Task goal:
Using the entries below, copy exactly each line from the line with "Masseria La Camardia Sava Екстер'єр фото" up to and including the line with "Estudiantes peruanos junto", with every picture left out.

Source data:
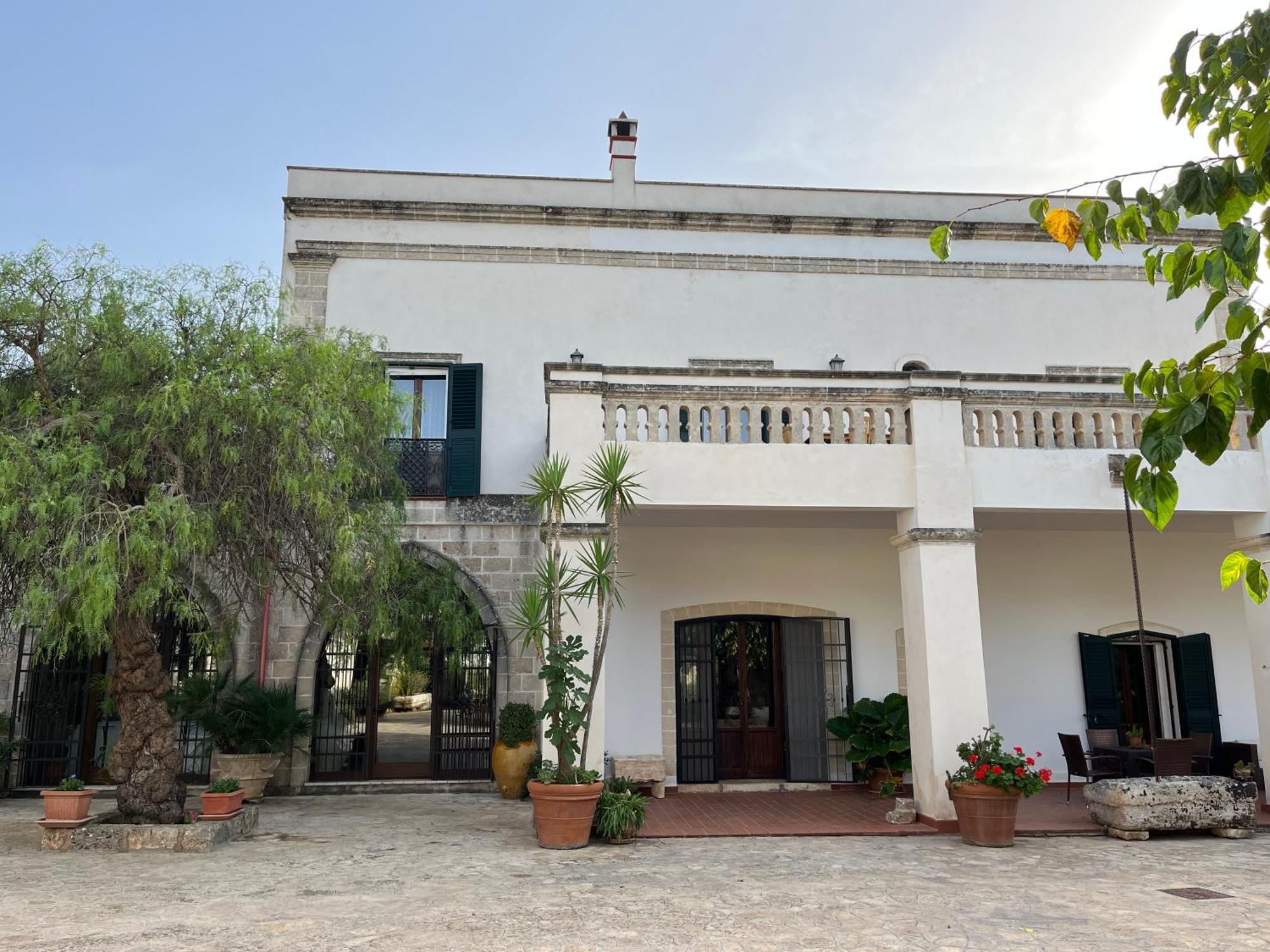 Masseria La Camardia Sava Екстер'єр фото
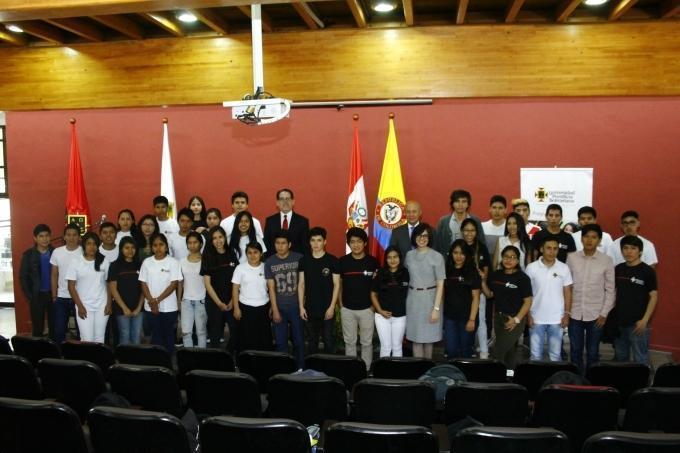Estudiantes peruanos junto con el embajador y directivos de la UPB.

...

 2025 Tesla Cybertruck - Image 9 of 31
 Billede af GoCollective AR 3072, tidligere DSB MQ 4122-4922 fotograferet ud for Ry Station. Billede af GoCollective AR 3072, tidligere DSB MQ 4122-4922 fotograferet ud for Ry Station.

...

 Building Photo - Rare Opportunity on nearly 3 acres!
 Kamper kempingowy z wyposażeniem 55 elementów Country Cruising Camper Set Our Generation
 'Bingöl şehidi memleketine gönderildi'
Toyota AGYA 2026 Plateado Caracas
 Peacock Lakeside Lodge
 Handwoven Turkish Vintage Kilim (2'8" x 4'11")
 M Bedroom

Answer to this exercise:
 Masseria La Camardia Sava Екстер'єр фото
Estudiantes peruanos junto con el embajador y directivos de la UPB.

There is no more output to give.